Though diners often asked for the rijsttafel plate to-go, Diana Widjojo resisted: It was all about the experience of eating in the restaurant, where a bowl of water with lime would follow the meal if one chose to eat with their hands. But during the city's indoor dining shutdown from March to September, Widjojo was looking for a way to bring Hardena to more people. "Pizza is my go-to thing; I work late, and it's the only thing that's available at night," she said. "I was eating pizza [one night in March] and I was looking at the box, and I was like, Oh shit, I can do it in here."
instagram
In June, Hardena launched the rijsttafel plate as the "Not Pizza" box. Instead of a hot, cheesy pizza, Hardena's boxes hold a variety of Indonesian food that changes daily depending on what's at the market, arranged with an artful eye on a banana leaf. "I don't leave any empty space," Widjojo said. "There could be almost 18 different things in there, not including the rice." The restaurant opens pre-orders for the boxes on Instagram on Mondays, and they sell out every week.
"With the pandemic going on, I figured that this was a creative way to get people to try our food and try something new, or experience something a little bit different," she said.

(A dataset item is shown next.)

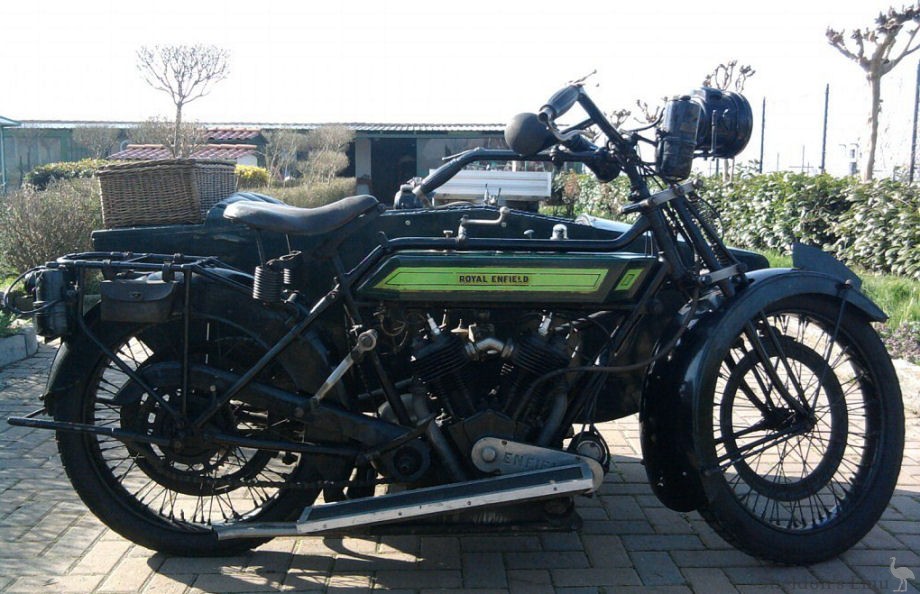 Royal-Enfield-1919-976-Bretti-2.jpg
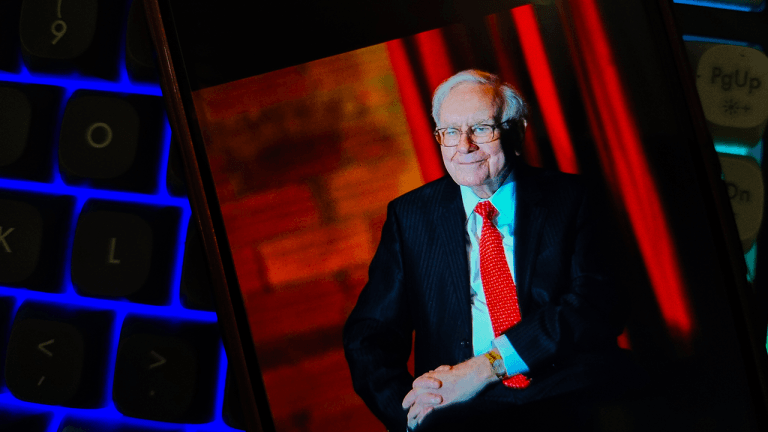 warren-buffetts-son-didnt-know-his-dad-was-a-billionaire-until-he-was-in-his-20s-768x432-1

With continued restrictions and concers about indoor dining, restaurants and pop-ups across the country have pivoted to sharing their food in new formats, whether that's by adopting take-out for the first time, selling groceries and meal kits, or using Instagram as a marketplace for small-scale, artisanal baked goods. Getting by in the age of COVID-19 is about getting creative, and the classic pizza box, perhaps owing to its spacious format, is experiencing an unexpected second life as a container for feasts that often have nothing to do with pizza.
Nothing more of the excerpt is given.